The BBC's "Sherlock Holmes" is actually quite a treat to have on DVD, despite the series not being all that great. Produced in 1965, it brought Peter Cushing back to the role he hit a grand slam with in 1958 alongside Christopher Lee in Hammer's feature-length adaptation of "The Hound of the Baskervilles." The series ran for 16 episodes, but as was the case with many old BBC productions, the original tapes were reused and all but five episodes were lost to time. "Dr. Who" fans are no strangers to this sad period in BBC history, but sadly, "Holmes" fans haven't been as lucky, as no other copies have turned up. Previously released, this collection collects all five stories, over six, 45-minute episodes.
I honestly feel sad to report, that despite the presence of the great Peter Cushing, this adaptation of Sherlock Holmes just doesn't cut it. Only "The Hound of the Baskervilles" gets a more feature-length outing, covering two, full episodes, but those who saw Cushing's earlier efforts will not be impressed. For those relatively new to Holmes (I myself have had limited exposure to the character over the years), it could very well kill any desire to finish the series. Holmes himself is a limited part of the story, leaving early in the first episode and arriving in the final act of the second, leaving Nigel Stock as Dr. Watson to carry the weight of the story. Stock is adequate as Watson, bringing more dignity to the character than some adaptations or characterizations, where Watson is often painted as comic relief. Even with double the runtime, the series doesn't feel like it does Sir Arthur Conan Doyle's novel (he wrote four Holmes novels and numerous short stories featuring the character) justice, often adopting a hurried pace, where the actors feel like they are rushing to finish the scene.
In terms of the supporting cast, they are passable at best, often times overacting or straining for enthusiasm. I've always hated the notion of people viewing TV acting differently from film acting, but here, Cushing aside, everyone supports the stereotype that TV acting is the "minor league." Cushing on the other hand does the best with what he's given. Even though the remaining four stories are based on Conan Doyle's short stories, 45-minutes just isn't enough to tell a compelling mystery and make the character of Holmes standout. Cushing is often forced to rush through scenes and merely spout out observations and deductions. There's no evidence this is one of the most beloved detectives in literary history.
Production wise, the series is extremely dated, with the interior scenes often feeling cramped and manufactured. In comparison some of the location footage does breathe some life into the stories, but the jump back to studio footage is even more jarring as a result. The design team does their best to capture a period look, but falls short. Hurting matters even more, is the occasional hokey sound design, with revelations punctuated by a dramatic chord that instantly recalls memories of something no one expects...The Spanish Inquisition. For a series based on serious source material, it only undermines the tone that already struggles from occasionally hammy acting.

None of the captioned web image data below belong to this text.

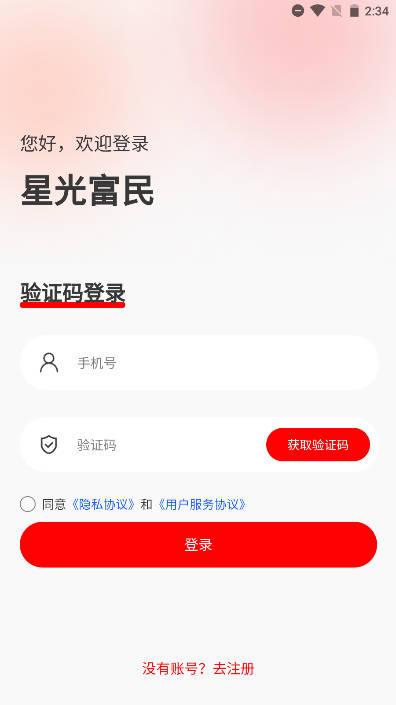 星光富民会员端app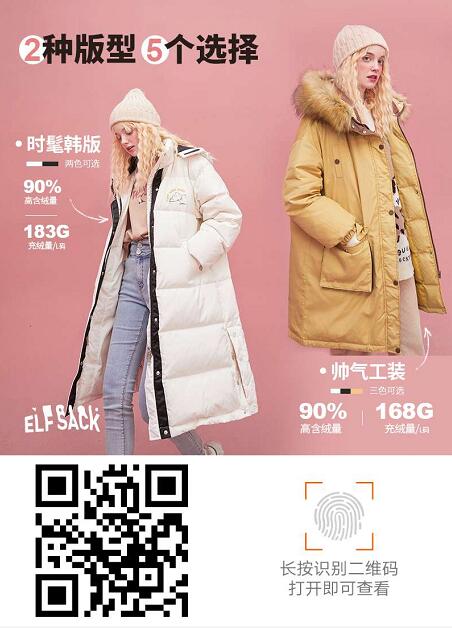内容图片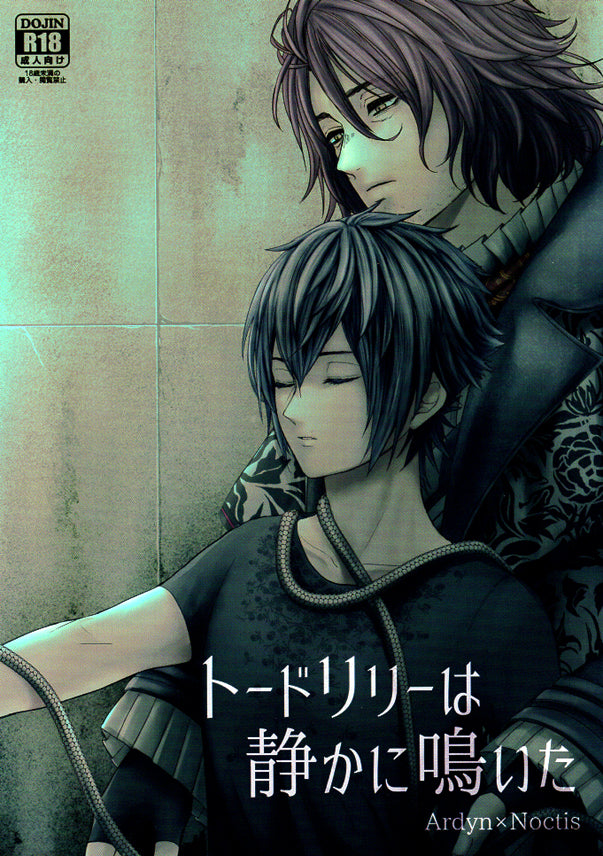 Final Fantasy 15 Doujinshi - The Toad Lily Wept Silently (Ardyn x Noctis) - Cherden's Doujinshi Shop - 1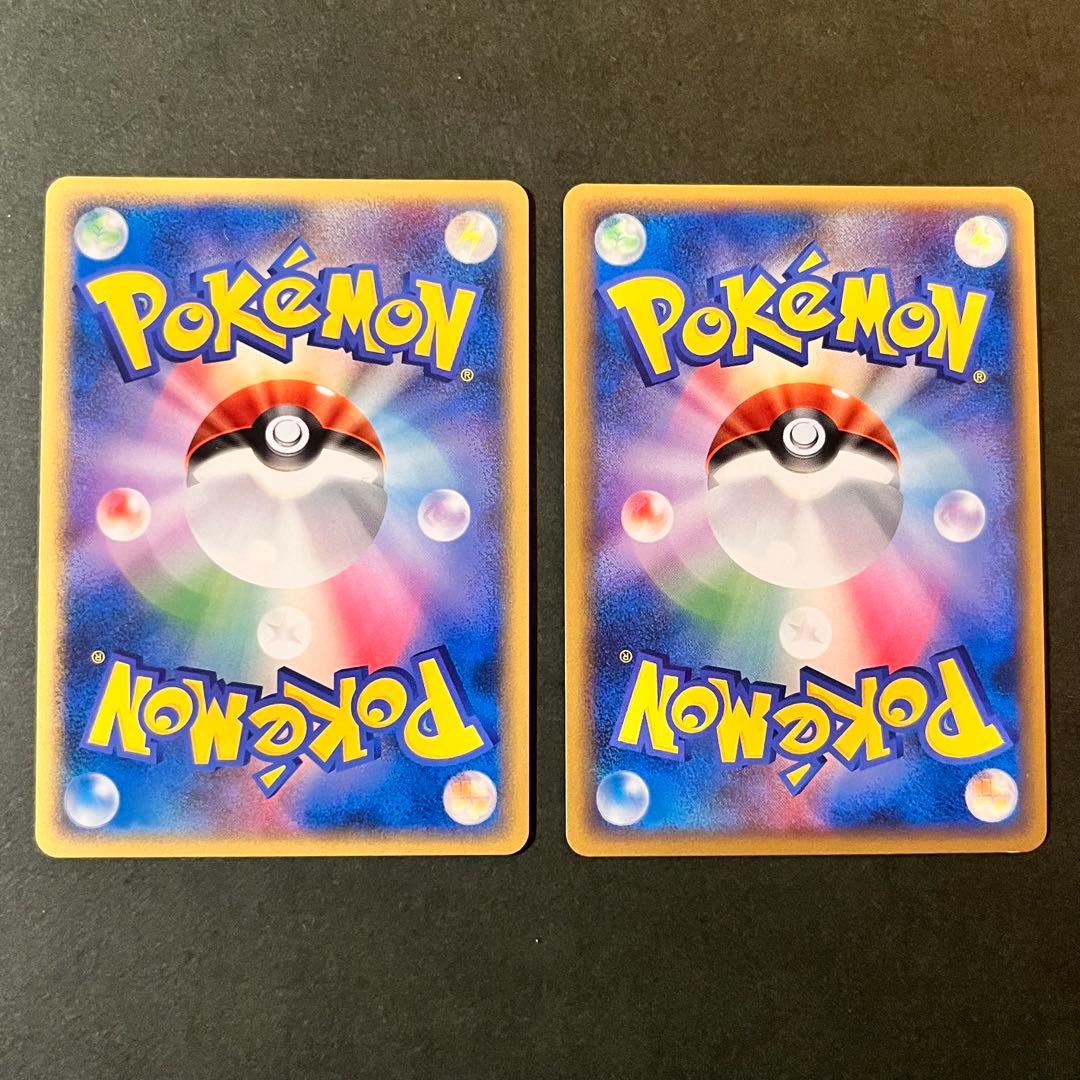 グレイシア Lv.44 & Lv.x 2枚セット 1ED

At the end of the day, I am thankful at least five stories of this series exist, but the quality doesn't meet the expectations one has when it comes the source material. Peter Cushing is the highlight here and even though it's far from his best work, he still makes every episode worth watching, just because he refuses to resign himself to phoning it in.
A refined older woman solving mysteries in a quiet town. No, this isn't "Murder, She Wrote," but fans of that famous American mystery series, unfamiliar with the obvious inspiration for Jessica Fletcher, Agatha Christie's "Miss Marple" are in for a treat. The 1980s production of "Miss Marple" featured Joan Hickson filling the shoes of the title character and over the course of 12, roughly 90-minute episodes, left a solid impression on viewers, earning two BAFTA nominations in the process. "A&E" owns the home video rights to nine of the 12 stories, with "Warner Bros." holding the other three. While "A&E" has released all nine twice before in a standalone collection and alongside a variety of "Poirot" episodes, here, they have chosen to only include eight, with the episode "They Do It With Mirrors" remaining absent. It's a frustrating omission that forces fans who are introduced to the character in this set to track down a lone DVD of that episode or re-buy the entire collection outright, in the end it's a move that firmly hurt's my ultimate recommendation of this set.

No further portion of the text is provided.